Culotté d’appeler une collection « La France juive » ! D’aucuns pourraient y voir le retour des « heures sombres », Drumont, Pétain, Bagatelles ! Alors que pour Olivier Véron, le Lancelot de l’édition française, ici auteur, il s’agit plutôt de réhabiliter le fond juif de notre culture : publier des textes qui rappelleraient combien notre pays doit au judaïsme, comment le christianisme s’inscrit naturellement dans celui-ci, comment Jésus était juif et que c’est bien du sang juif qui se trouve sur l’autel – car non, Sophie Bessis, le judéo-christianisme n’est pas une « imposture » mais bien la vérité civilisationnelle, existentielle et spirituelle la plus élémentaire de notre monde.

Alors bien entendu, cela n’efface pas les siècles d’antisémitisme chrétien – la « frérocité » judéo-chrétienne a été une réalité – mais comme ceux-ci n’effacent pas le lien profond, la continuité, sinon l’attachement réciproque, certes problématique mais tout autant opératoire, qui existe entre les deux confessions. Et il suffit de se rappeler Vatican II, Léon Bloy, Paul Claudel et avant eux Saint Paul pour savoir que ce nœud entre nous est transnational, pour ne pas dire transsubstantiationnel.

Par ailleurs, il ne faut pas en faire trop. Comme le grand-père d’Emmanuel Levinas aimait à dire à propos de l’affaire Dreyfus : « Un pays qui se déchire, qui se divise pour sauver l’honneur d’un petit officier juif, c’est un pays où il faut rapidement aller »[1]. Alors oui, heureux comme un juif en France – du moins jusqu’à ces derniers temps. Puisque l’antisémitisme s’appelle aujourd’hui antisionisme qui lui-même s’appelle « palestinisme », ce nouveau nazisme dont Olivier Véron rappelle qu’il est l'originel[2].

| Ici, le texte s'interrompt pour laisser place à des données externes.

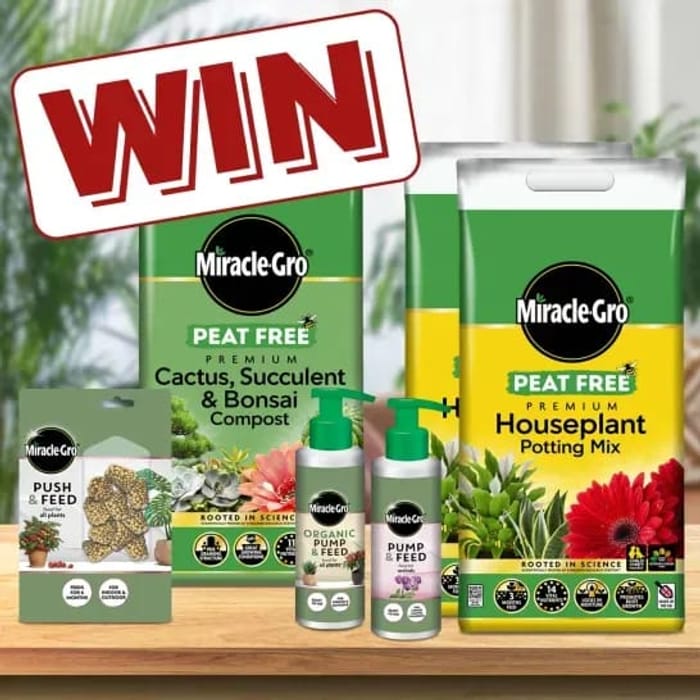 Image of Win the Ultimate Houseplant Care Bundle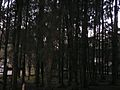Bosque del PN Macarao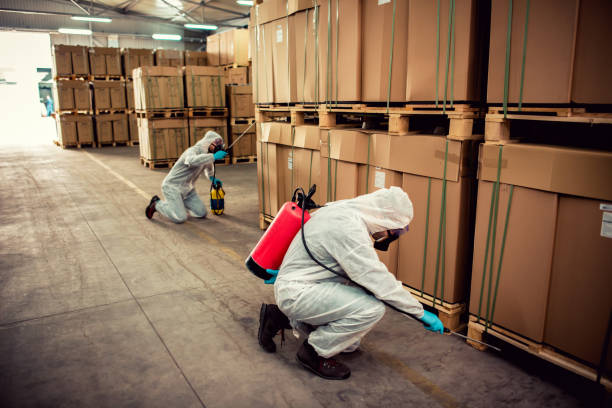 Wildlife Control Services in Marysville, OH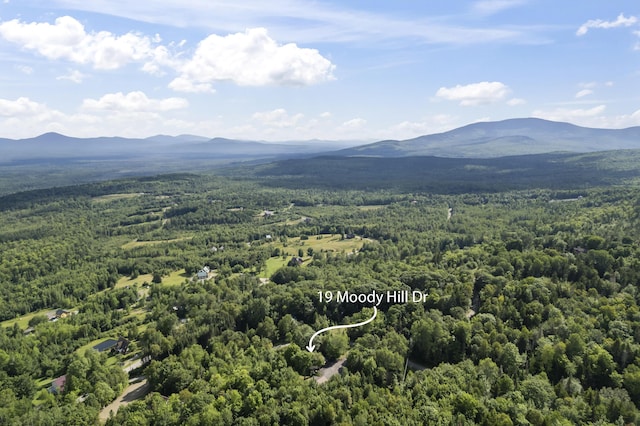 birds eye view of property featuring a mountain view and a view of trees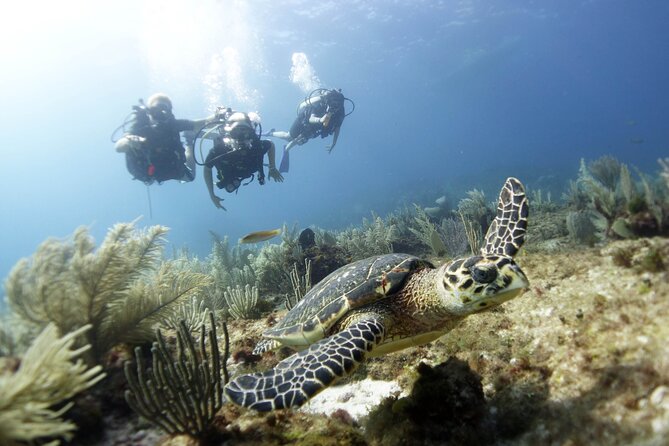 PADI Discover Scuba Diving for divers without certification - Moving From MUSA to Manchones Reef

Donc, réhabiliter le sang juif du Christ. Retrouver la circoncision dans l’eucharistie, la mitsva dans la messe, la Shekhina dans la miséricorde, la Loi dans l’Amour.  Remettre à l’honneur « le Verbe fait juif » [3] – tel est l’enjeu de ce petit livre touffu et mal foutu, pas facile à lire mais fulgurant, audacieux, courageux, essentiel pour qui veut connaître les racines de notre bien commun, et qui risque de faire hurler autant les islamogauchistes que les « chrétiens » celtiques à la sauce Odin de la Nouvelle Droite ou les cathos tradi qui en sont restés à cette notion immonde du « peuple déicide ». Et sans doute aussi certains juifs orthodoxes qui maugréeront à l’idée que le judaïsme dépasse leur tribu.  

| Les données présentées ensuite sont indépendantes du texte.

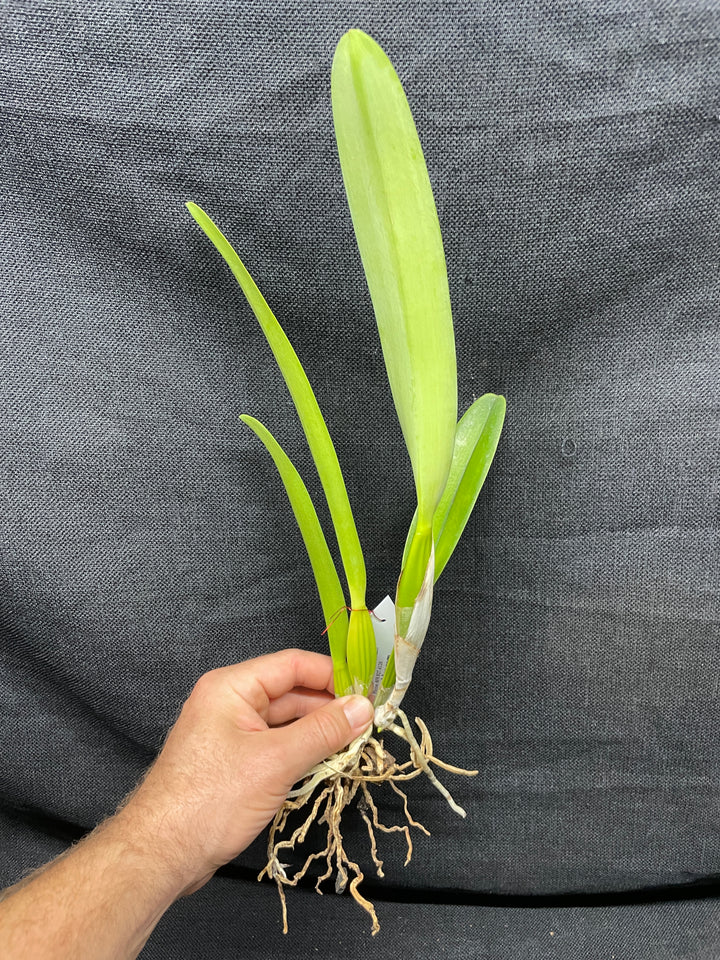L. lobata var. coerulea `Maria Christine&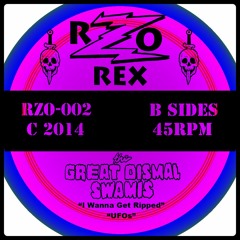 Great Dismal Swamis  /  I Wanna Get Ripped /  Garage Punk RNR Vinyl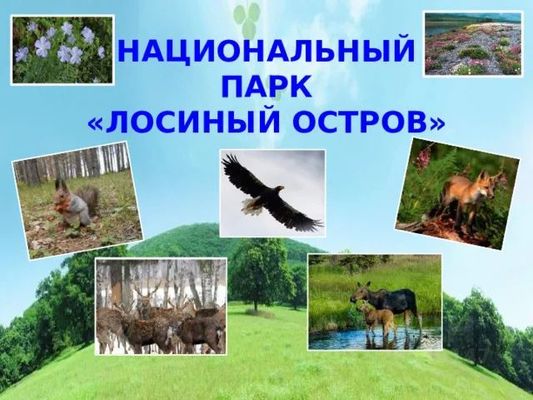 Продам однокомнатную (1-комн.) квартиру, Черницынский проезд, 6к1, Москва г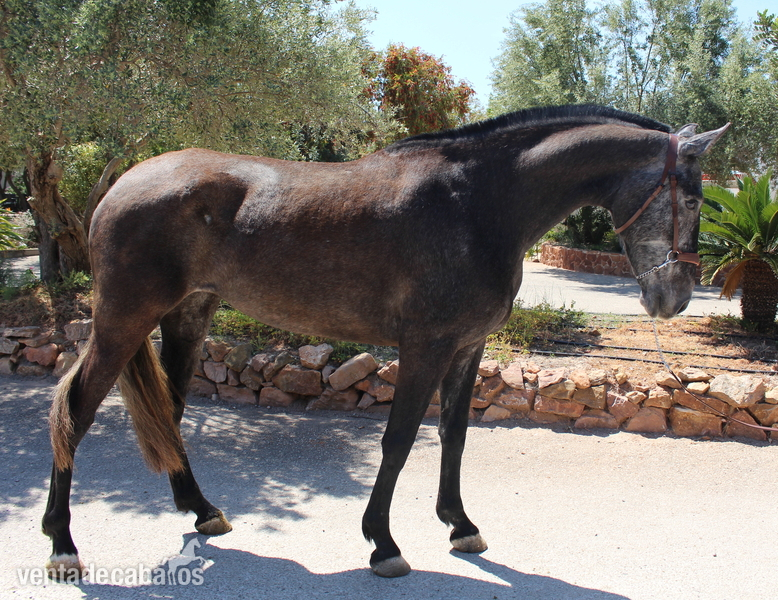 Beautiful grey PRE mare with great basic gaits - PRE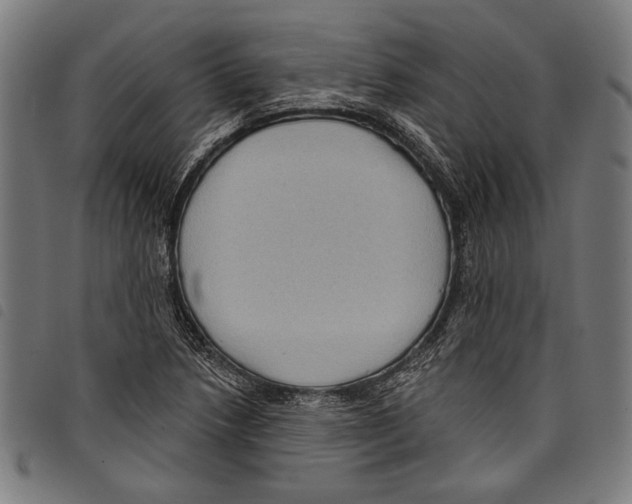 X0000097771218200804041145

Hélas pour tout ce sale monde, c’est Joseph Ratzinger qui écrit que « Dieu s’engage dans une parenté de sang » et que si celle-ci commence avec le peuple élu, elle s’accomplit bel et bien dans la Cène, « sang de l’Alliance nouvelle et éternelle qui sera versé pour vous [les Juifs] et pour la multitude [le reste de l’humanité] »[4].

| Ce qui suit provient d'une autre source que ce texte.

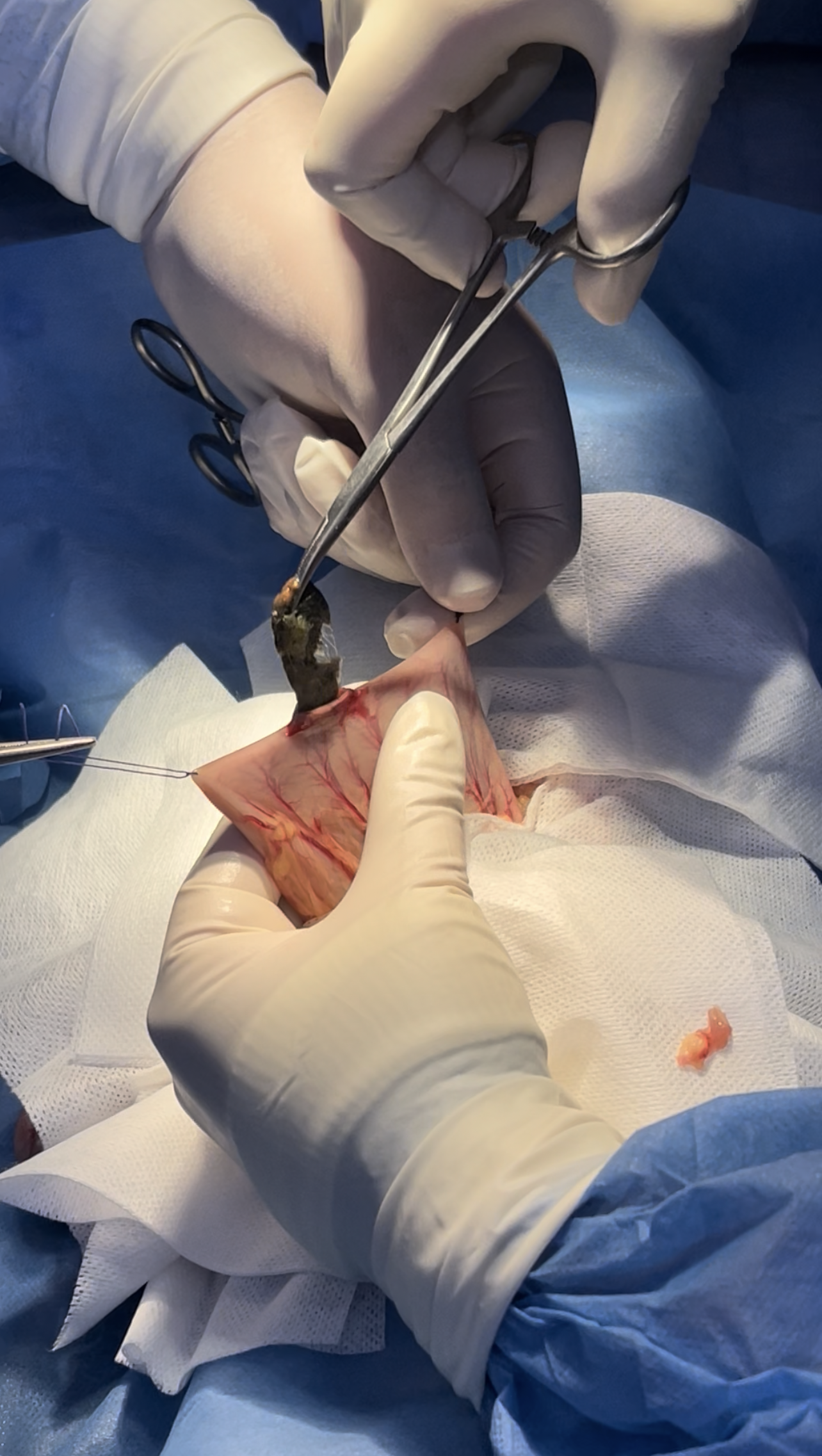 صورة المعرض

En cette affaire lymphatique, génétique et générique se rejoignent. Impossible de ne pas être juif quand on est chrétien ! Même la Vierge a été « totalement juive, totalement enfant d’Israël, de l’ancienne Alliance », dit encore Ratzinger dans La fille de Sion. Quant à Paul Claudel, il n’hésite pas à écrire que « c’est Israël qui a accordé à Dieu l’incarnation » [5]. Israël qui, de toute façon, fait partie intégrante du Catéchisme de l’Église Catholique depuis 1992. Ne pas le reconnaître serait retomber dans le marcionisme (CEC 123) sinon le traditionalisme identitaire – camp des vaincus s’il en est.

Car il apparaît hélas, et ici le livre devient explosif, que, comme le disait Pierre Boutang (et d’ailleurs René Girard), le christianisme n’a jamais réellement commencé. Nous en sommes toujours au seuil. Tant que nous n’aimerons pas le prochain, c’est-à-dire l’étranger (Lévitique XIX, 18-34), comme nous-mêmes, le Christ ne sera pas décloué. « Aime le prochain comme toi-même – c’est toute la Loi et les prophètes ! », clame Véron. En sommes-nous capables ? Rien n’est moins sûr. Voilà pourquoi Boutang pouvait parler d’un « échec final de la chrétienté en Europe et de sa mission sur les autres continents », la croix ayant finalement été vaine, ce qui du coup « restituait nécessairement aux Juifs leur charge originelle » – celle de nous respiritualiser, sinon de nous protéger, un peu comme les chevaliers d’antan.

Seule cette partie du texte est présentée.